----- GIVEN DATA -----

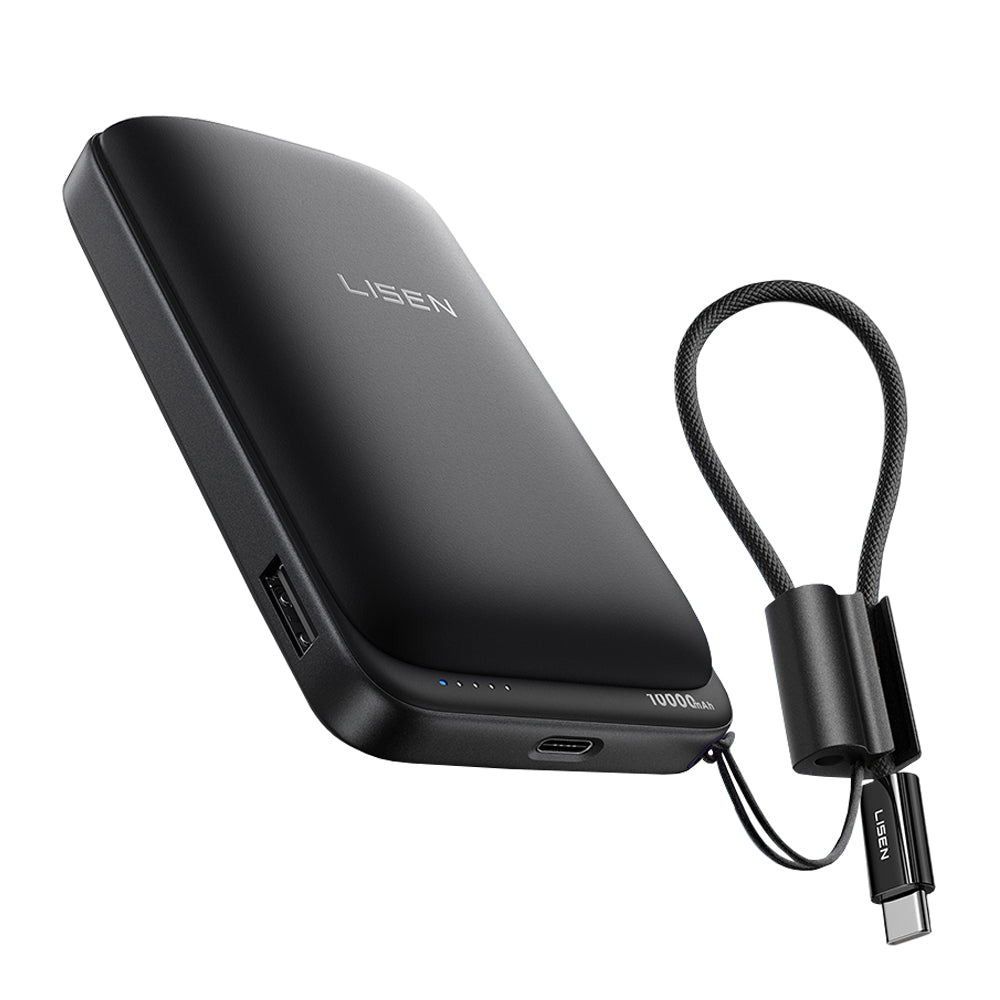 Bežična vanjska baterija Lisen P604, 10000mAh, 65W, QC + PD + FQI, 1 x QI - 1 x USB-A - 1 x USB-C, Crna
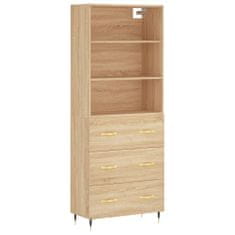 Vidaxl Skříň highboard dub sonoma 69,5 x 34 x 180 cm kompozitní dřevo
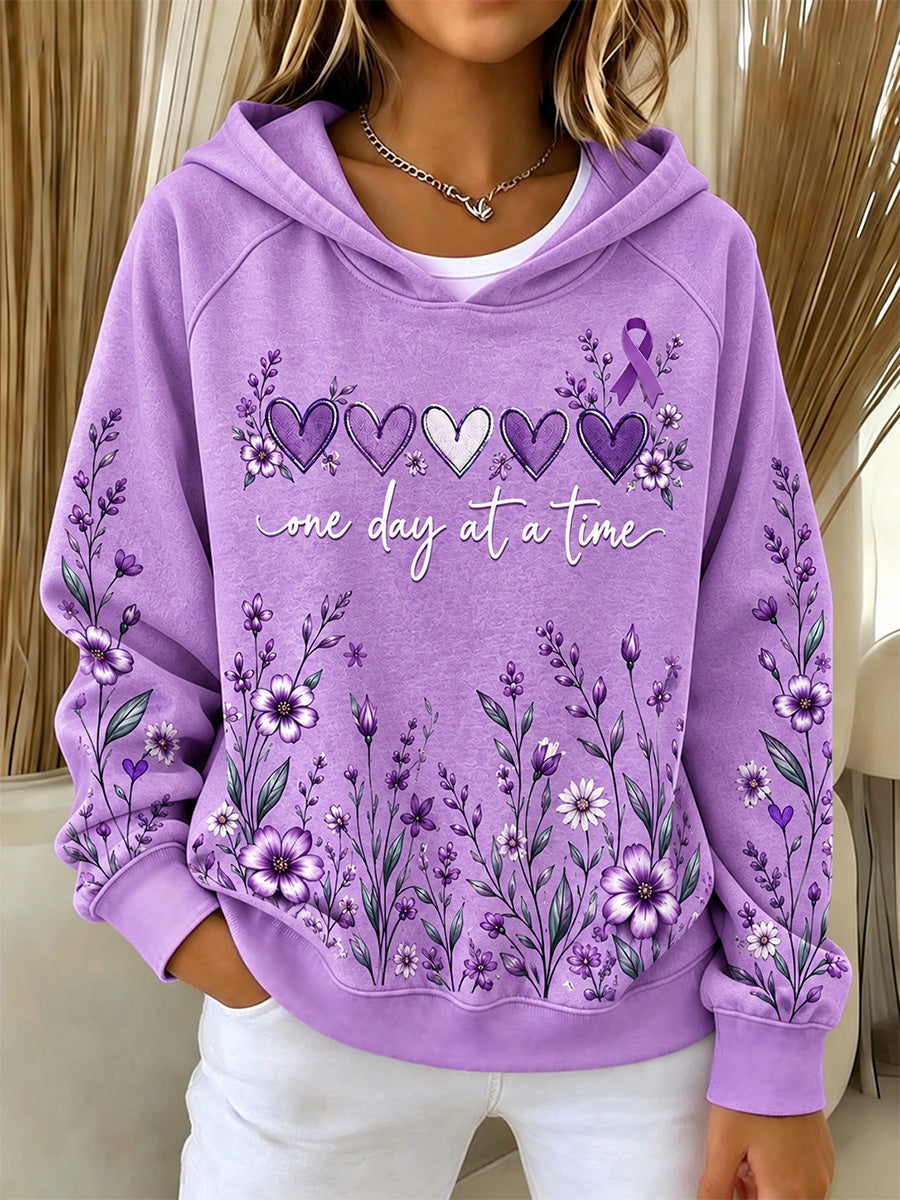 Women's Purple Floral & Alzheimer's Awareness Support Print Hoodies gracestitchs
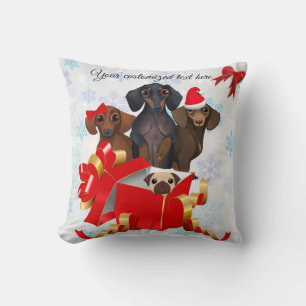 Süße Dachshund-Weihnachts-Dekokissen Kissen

-----

> _WHAT IS NEEDED_: This exercise calls for the complete listing, returned exactly and without images.

> _COMPLETED TASK_:
 Bežična vanjska baterija Lisen P604, 10000mAh, 65W, QC + PD + FQI, 1 x QI - 1 x USB-A - 1 x USB-C, Crna
 Vidaxl Skříň highboard dub sonoma 69,5 x 34 x 180 cm kompozitní dřevo
 Women's Purple Floral & Alzheimer's Awareness Support Print Hoodies gracestitchs
 Süße Dachshund-Weihnachts-Dekokissen Kissen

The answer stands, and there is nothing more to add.